FORT HOOD, Texas (AP) -- On the floor and seriously wounded, Lt. Col. Juanita Warman was acutely aware that she could die following a gunman's rampage at Fort Hood.

"She said she'd been shot in the abdomen and was bleeding," Spc. Dayna Roscoe recalled Monday at a military court hearing. "She wanted someone to tell her family that she loved them and that she wasn't going to make it."

Warman, 55, a certified psychiatric nurse practitioner who'd spent 25 years in the Army or active reserves, died of her wounds. She was among 13 people who died Nov. 5 in the worst mass shooting at an American military base.

Testimony was expected to continue Tuesday at the Article 32 hearing, which will determine whether Maj. Nidal Hasan stands trial on 13 counts of premeditated murder and 32 counts of attempted premeditated murder.

Since the hearing began last week, 39 witnesses have testified. More soldiers and the two Fort Hood police officers credited with taking the gunman down are expected to testify.

Roscoe was at a medical processing center with dozens of other soldiers when gunfire erupted there. She survived wounds to her arm and leg after another soldier used belts as tourniquets.

None of the 10 soldiers who testified Monday was asked to identify Hasan, who sat in a wheelchair in the courtroom. He is paralyzed from the waist down from police gunfire that ended the onslaught.

But Roscoe described the gunman as wearing an Army combat uniform, bald and clean shaven.
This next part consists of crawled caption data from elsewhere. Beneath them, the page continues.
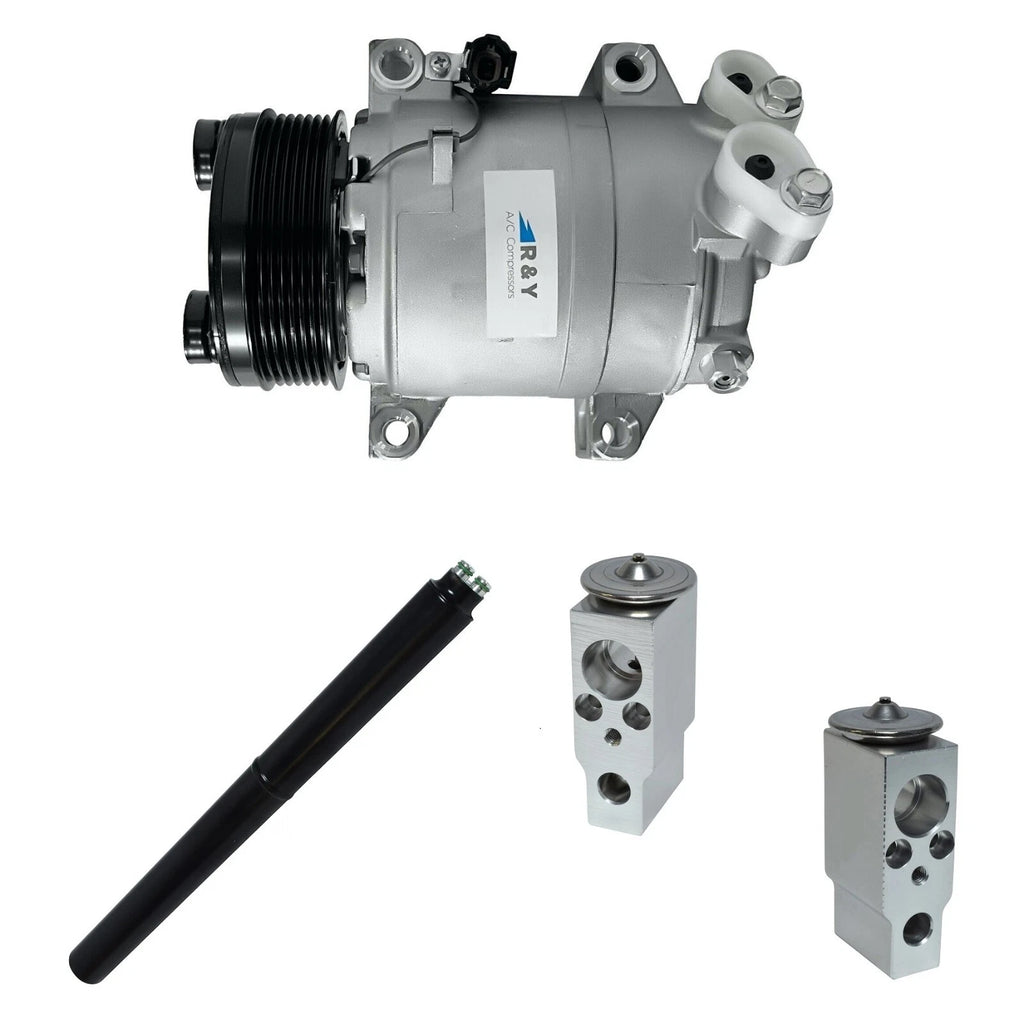 A C Compressor Kit Replacement for Nissan Armada 5.6L (2005–2007)
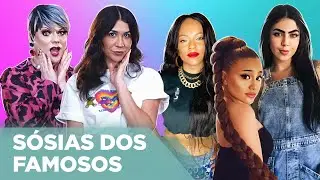 ANALISANDO SÓSIAS DE CELEBRIDADES feat. Lorelay Fox | Foquinha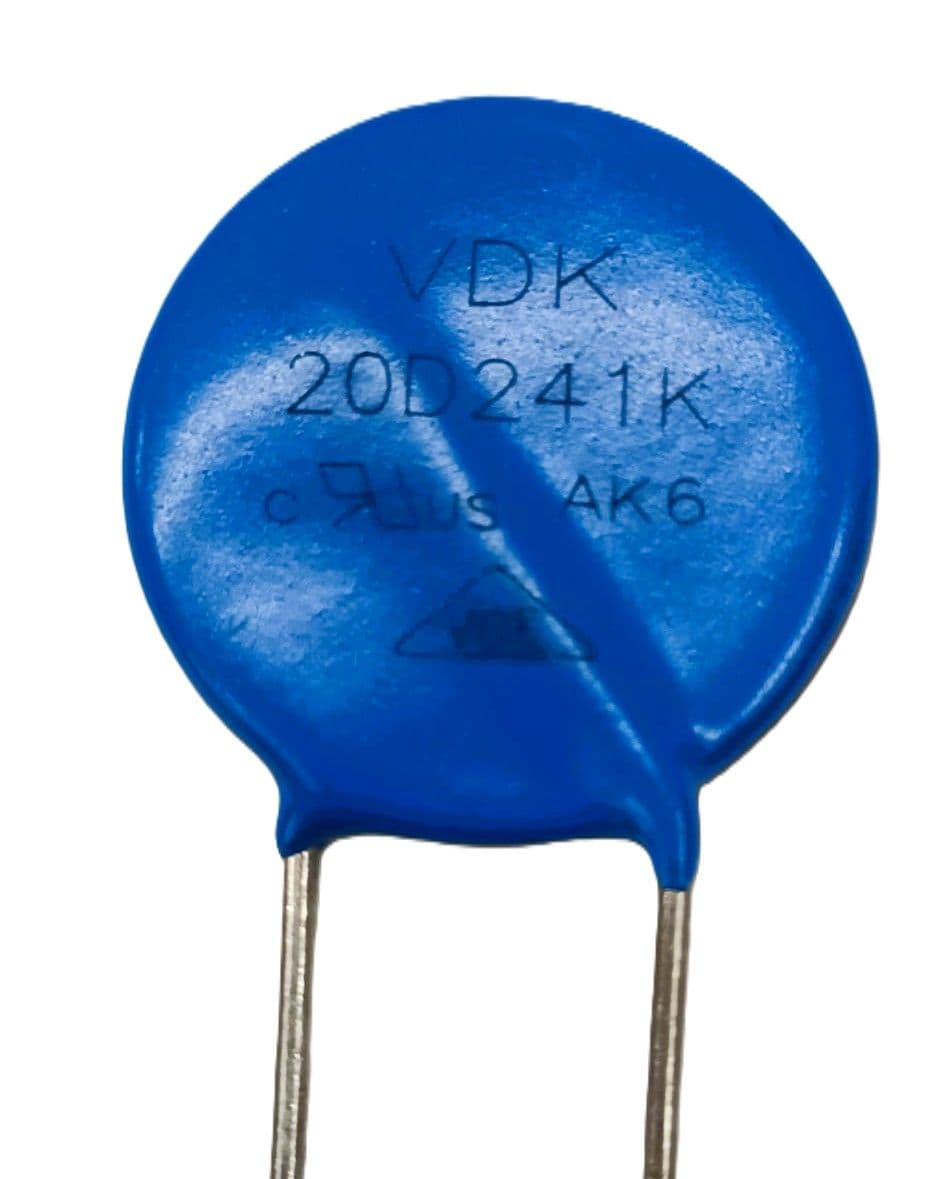 Varistor 20D241K de 150V 105J Diámetro De 20mm S20K150CH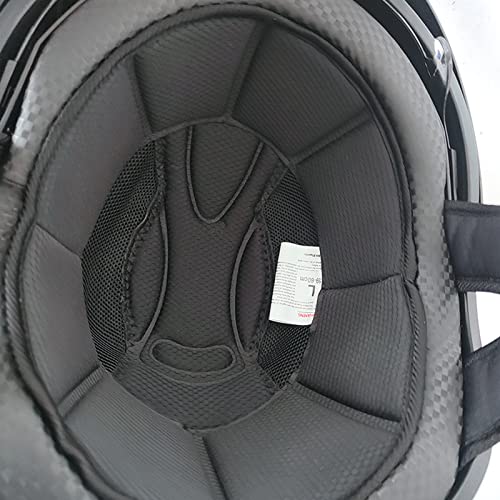 Retro Half Face Motorcycle Helmet with Visor Z42050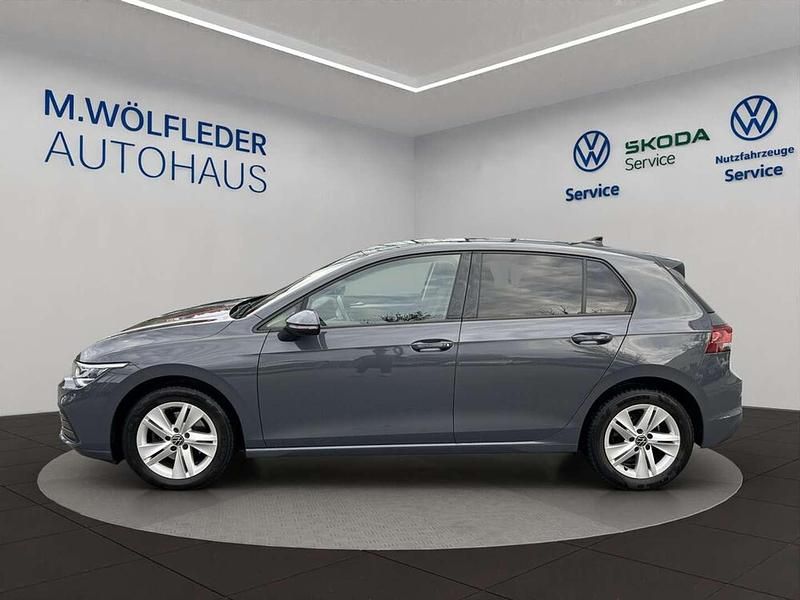 Gebraucht VW Golf VIII Life 116 PS (85 kW) 2020 Grau Limousine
He carried a handgun as he rounded a corner and headed toward her, she said.

She said she covered her face, demonstrating by putting her hands around her ears and pulling her arms over the side of her head.

Asked by a prosecutor, Lt. Col. Steve Henricks, what would have happened if the bullet hadn't pierced her arm, "It would have struck me in the chest," she replied, adding that the gunman turned his attention elsewhere, then returned and shot her two more times.
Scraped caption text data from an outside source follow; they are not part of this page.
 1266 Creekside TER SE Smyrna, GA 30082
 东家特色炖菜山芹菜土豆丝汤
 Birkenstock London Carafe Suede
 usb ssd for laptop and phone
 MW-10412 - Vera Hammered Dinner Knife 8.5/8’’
Maj. Randy Royer, using a cane as he climbed the witness stand Monday, repeated events told by other witnesses, how a man identified by many as Hasan stood near the front door and shouted: "Allahu Akbar!" -- "God is great!" in Arabic -- before shooting at soldiers, all unarmed, in a crowded waiting area.

Many of the witnesses have testified that the gunman kept firing rapidly as he walked around the building, pausing only to reload.
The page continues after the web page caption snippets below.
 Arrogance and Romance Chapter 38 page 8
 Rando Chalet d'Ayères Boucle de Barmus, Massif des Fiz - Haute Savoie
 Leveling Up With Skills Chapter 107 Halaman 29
Spc. Jonathan Sims, whose testimony via video link from Afghanistan was punctuated several times by the sounds jet aircraft, said on Nov. 5 he was trying to keep pressure on the neck wound of a buddy, Pfc. Mick Engenhl, when he was shot. He pulled a collapsed table over him and Engenhl, but soon felt pressure as if someone were standing on it.

Asked by Henricks if he thought he knew who stood on the table, Sims said: "I believe it to be the shooter.

"Who else would be dumb enough to stand up for that long period of time during shooting?"

At some point after the hearing, Col. James L. Pohl, the investigating officer in the case, will recommend whether Hasan should go to trial. That decision -- and whether the Army will seek the death penalty -- ultimately will be made by Fort Hood's commanding general.

Hasan remains jailed. There is no bail in the military justice system.